# Install of required package

This block only needs to be executed once to install the required packages in your python env.

In [2]:
# import sys
# !{sys.executable} -m pip uninstall smi-analysis --yes
# !{sys.executable} -m pip install git+https://github.com/gfreychet/smi-analysis.git
# !{sys.executable} -m pip uninstall saxs-nxformat --yes
# !{sys.executable} -m pip install git+https://github.com/CEA-MetroCarac/saxs_nxformat.git


Found existing installation: saxs_nxformat 2025.3
Uninstalling saxs_nxformat-2025.3:
  Successfully uninstalled saxs_nxformat-2025.3


In [None]:
%matplotlib ipympl

import inspect
import os
import h5py
import numpy as np
import matplotlib.pyplot as plt
import re

from pathlib import Path
from colorama import Fore, Style
from saxs_nxformat.class_nexus_file import NexusFile, save_data
from smi_analysis import SMI_beamline

# Inspecting your h5 file

This function can be used to visualize the structure of the HDF5 file.
There are three types of element :

    - Groups (red) : you can view them as a directory, it can contain other groups, dataset or attributes
    - Datasets (blue) : you can view them as a file, it can only contain attributes
    - Attributes (green) : you can view them as metadata, it cannot contain anything and gives additional information
    
You just have to pass the path of your data file in. Additionally you can choose wether you want to see what's in groups and what's inside datasets

In [None]:
def explore_file(group, explore_group=False, explore_dataset=False, level=0):
    indent = "|  " * level
    for key in group.keys():
        item = group[key]
        if isinstance(item, h5py.Group):
            print(f"{indent}{Fore.RED}Group : {key}{Style.RESET_ALL}")
            explore_file(item, explore_group, explore_dataset, level + 1)
        elif isinstance(item, h5py.Dataset) and explore_group:
            print(f"{indent}{Fore.CYAN}Dataset : {key}{Style.RESET_ALL}")
            if item.attrs and explore_dataset:
                print(f"{indent}  {Fore.GREEN}Attributes : {key}{Style.RESET_ALL}")
                for key_attribute, item_attribute in item.attrs.items():
                    print(f"{indent}    - {key_attribute} : {item_attribute}")

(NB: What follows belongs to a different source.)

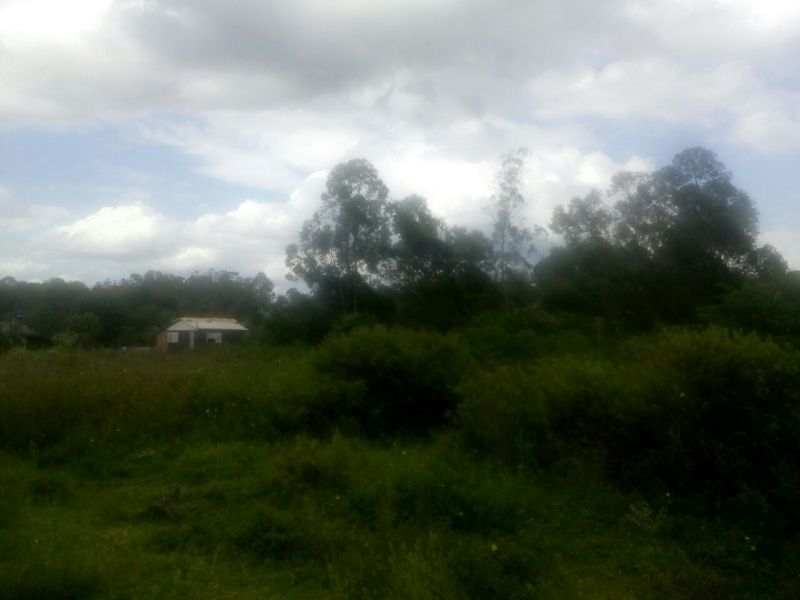 Candiota Imóveis - Sapucaia do Sul / RS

# Specify the directory containing your data files

Change the variable **data_dir** to the path of the directory containing your data. The data needs to have the HDF5 format with the NeXus standard to work properly.

In [None]:
data_dir = r"C:\Users\AT280565\Desktop\Data Treatment Center\Treated Data\instrument - XEUSS\year - 2025\config ID - 202503101406\experiment - measure\detector - SWAXS"

path_list = []

for file in os.listdir(data_dir):
    print(file)
    if file.endswith(".h5"):
        path_list.append(os.path.join(data_dir, file))
        print(file)

# Processing using the NexusFile class

## Opening your files
To open your file, you need to use the NexusFile class, pass a list of the paths of all the data you want to treat. There are 2 parameters to the constructor of this class:
- do_batch : This will determine wether you want to display your data in different graphs or in the same figure.
- input_data_group : This will determine what data group should be used as the raw data. By default it's the "DATA" group (the data as it came out of the machine). However, let's say you substracted the raw data by some background and saved it as "DATA_NO_BACK", you can put input_data_group="DATA_NO_BACK" to use this data as the raw data.

**Be careful** : 
- the input_data_group should be raw data or scaled raw data, I do not know what would happen if you put anything other than that.
- When you do a process use the try: / finally: environement as shown below. This is to ensure that the files are properly repacked and closed no matter what happens

In [None]:
nx_files = NexusFile(path_list, do_batch=True)
try:
    # Do some process
    nx_files.process_q_space(save=True, display=False, group_name="DATA_Q_SPACE")
    nx_files.process_display(group_name="DATA_Q_SPACE")
except Exception as error:
    # Do something else if an error occurs
    print(error)
finally:
    nx_files.nexus_close() # Very important !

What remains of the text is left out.